Feb. 26, 2008 at 3:06 PM   |   Comments

WASHINGTON, Feb. 26 (UPI) -- The U.S. Supreme Court unanimously made it harder Tuesday for employees to testify about their own complaints in a job bias suit filed by another employee.

The justices said a federal appeals court in Denver made a mistake when it ruled on its own that workplace discrimination testimony by employees other than those filing suit should be automatically allowed at trial -- "me too" evidence.

The ruling came in the case of a Kansas woman who claimed she was wrongly terminated from a business strategy group operated by Sprint/United Management Co. as part of a reduction in force. Federal law bans age discrimination against employees 40 and over.

A federal trial court refused to allow other employees to testify about similar alleged discrimination from company supervisors but the appeals court reversed.

Tuesday, the U.S. Supreme Court ordered the appeals court to send the case back to the trial court.
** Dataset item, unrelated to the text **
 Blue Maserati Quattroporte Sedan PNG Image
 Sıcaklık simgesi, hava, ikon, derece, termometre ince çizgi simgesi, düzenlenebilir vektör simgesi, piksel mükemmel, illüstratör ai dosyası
Justice Clarence Thomas, in the unanimous opinion, said the trial court must determine whether evidence of discrimination by other supervisors in an age bias case "is fact based," and the trial court's decision must depend "on many factors, including how closely related the evidence is to the plaintiff's circumstances and theory of the case." The evidence can be admitted as non-prejudicial only after "a fact-intensive, context-specific inquiry," Thomas said.